What you need to do:
Write out exactly, please, every line from the beginning of the entries to the line holding "A Japanese carved", and no pictures.

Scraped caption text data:
+--

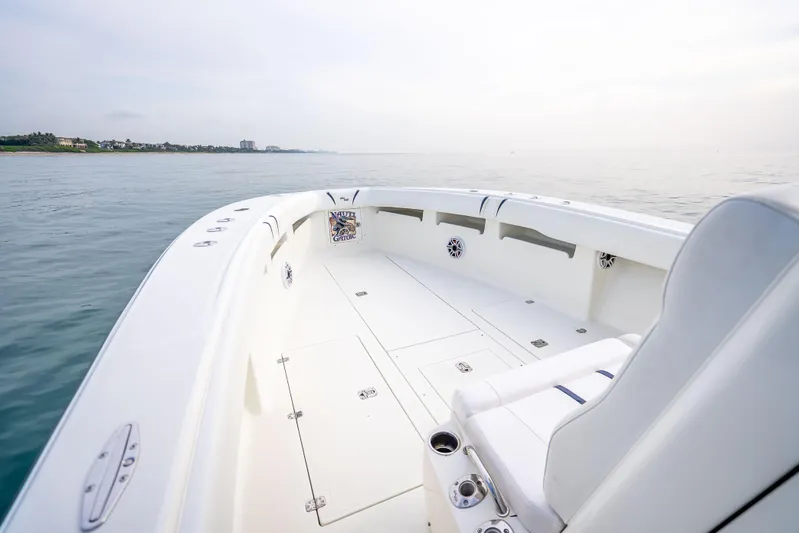  Yacht Photos Pics 2014 SeaVee 34 boat on calm water, featuring spacious deck and seating.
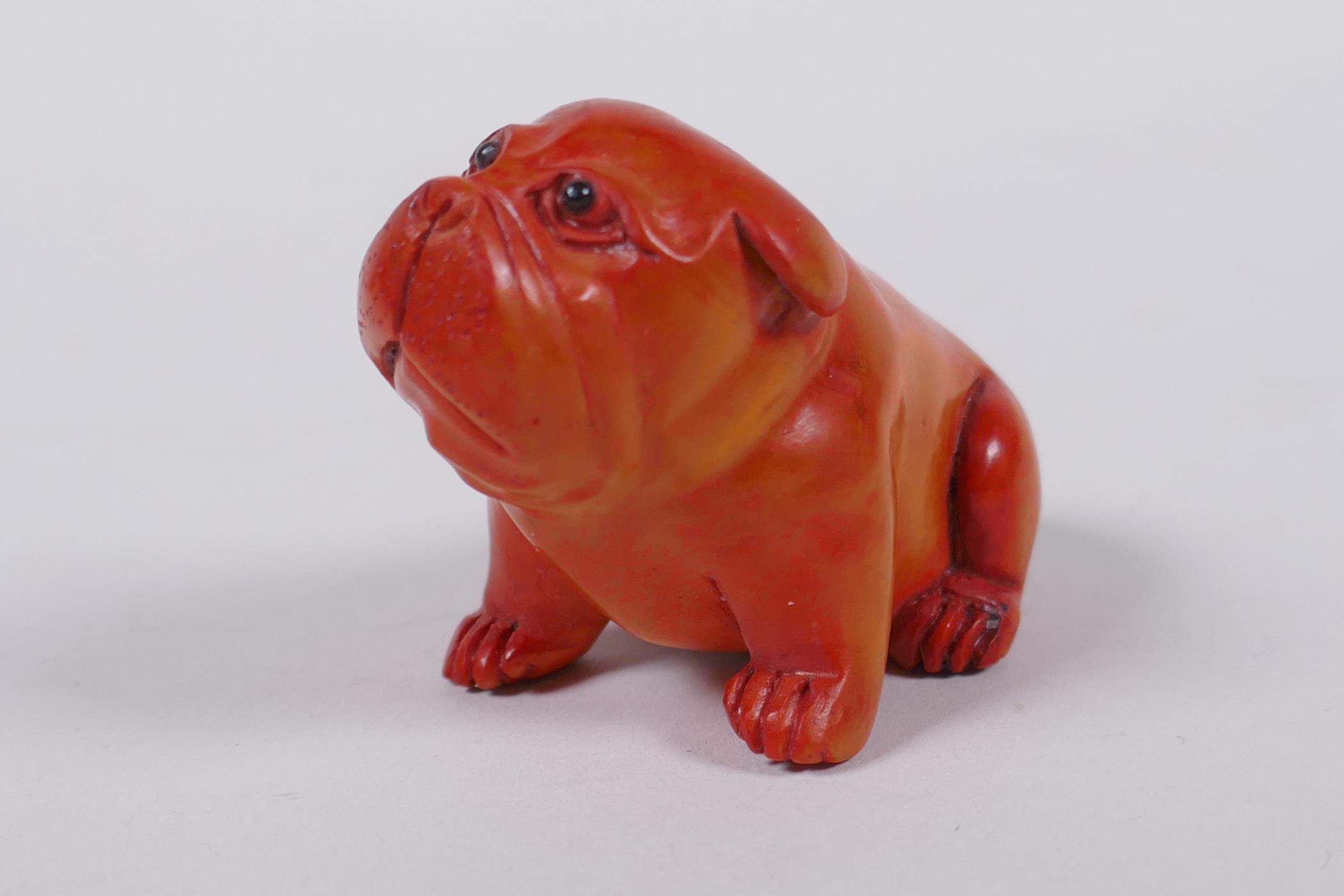 A Japanese carved boxwood netsuke in the form of a puppy, mark to base, 6cm long - Image 2 of 4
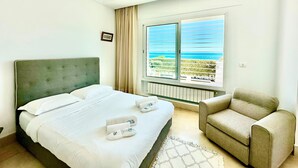 A hotel room with a bed, a chair, a window with a view of the sea, and a radiator. - Villa Neptune Pour 8 Pieds Dans l eau Carthage (Carthage)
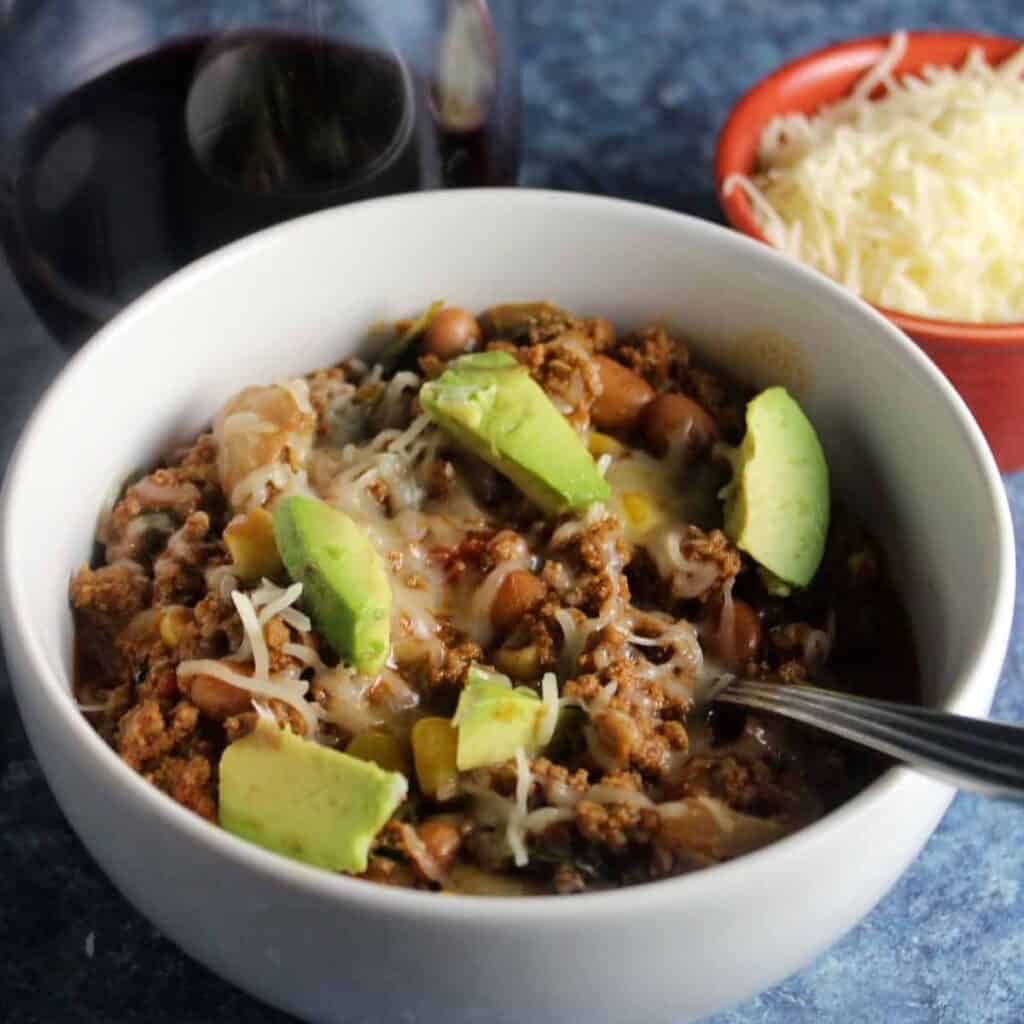 bowl of ground beef chili topped with avocado and cheese.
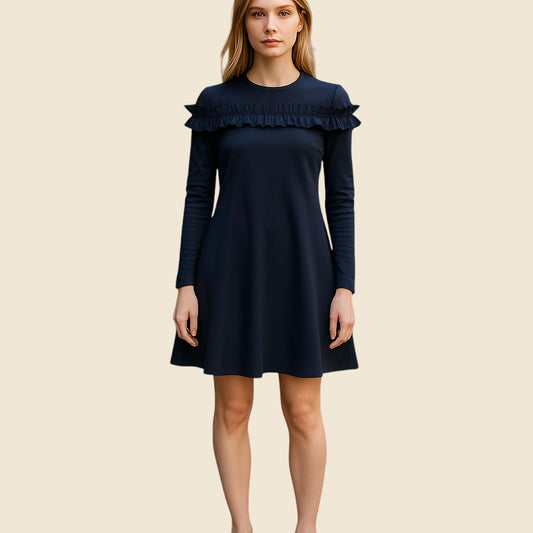 Woman wearing a navy dress with ruffled details on a beige background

+--

Result of this task:
  Yacht Photos Pics 2014 SeaVee 34 boat on calm water, featuring spacious deck and seating.
 A Japanese carved boxwood netsuke in the form of a puppy, mark to base, 6cm long - Image 2 of 4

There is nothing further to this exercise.